Carlos looked down at his lap, sheepish. “Hallmark movies.”
She choked on her cocoa.
“I swear, it started as research,” he insisted. “But now I can’t stop. They’re like emotional comfort food. There’s always a bakery in peril. A Christmas contest. A grumpy man who learns to believe again.”
She stared at him.
“What?” he asked.
“You just described me.”
He blinked. Then, slowly, “Guess that makes me the overly festive love interest in the flannel shirt.”
Lettie’s heart did something uncomfortable in her chest. It reached for something it shouldn’t have.
“Okay, Hallmark,” she said. “Favorite gift?”
Carlos leaned back, a fondness softening his expression. “Wooden train set. Myabuelitocarved it by hand. The thing barely stayed on the tracks, but I thought it was magic. Yours?”
Lettie hesitated. “I didn’t ask for anything that year. Just… didn’t feel like it. But on Christmas morning, my parents gave me this little red leather notebook. No lines. Just blank pages. I’d just started writing then.”
Carlos didn’t smile. But he looked thoughtful, as though she was giving him a hint to solving a difficult puzzle.
“They knew me so well,” she said, so quietly she barely heard it herself. “Or they realized I wanted to be just like them and tell other people's stories.”
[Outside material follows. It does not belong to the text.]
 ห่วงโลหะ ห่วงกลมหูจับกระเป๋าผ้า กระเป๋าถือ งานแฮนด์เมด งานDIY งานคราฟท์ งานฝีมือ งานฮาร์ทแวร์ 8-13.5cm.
More silence. But this time it felt… close. Not awkward. Not forced.
Carlos moved first, rising to throw another log on the fire. She watched him, watched the firelight dance along his features. He wasn’t her type. He was too good. Too earnest.
So why couldn’t she look away?
He returned not to his chair but to the bearskin rug in front of the hearth. Sat down and stretched out a hand to the cocoa still clutched between her palms.
“You coming?” he asked.
Lettie set her mug aside and lowered herself beside him, the heat of the fire curling around her spine. The rug was plush. The air crackled. And Carlos… Carlos was closer than she’d meant for him to be.
His thigh brushed hers. She didn’t move.
She was acutely aware of how long it had been since she’d sat like this with someone. Since she’d let herself.
His mouth curved as he watched the flames, his profile relaxed. A bit of cocoa lingered at the corner of his lips.
Lettie’s gaze snagged on it. Stayed.
She hadn’t been kissed in a long time. She hadn’t wanted to be kissed in a long time.
Now… she couldn’t stop looking at his mouth.
CHAPTER NINE
“Would you rather always have snow on Christmas… or always have someone to kiss under the mistletoe?”
Lettie made a sound that might’ve been a scoff or a laugh. It was hard to tell with her. “Snow. Obviously.”
“Obviously?” Carlos feigned offense, hand on his chest. “That’s the wrong answer.”
“Says the man who wears jingle bell socks in summer.”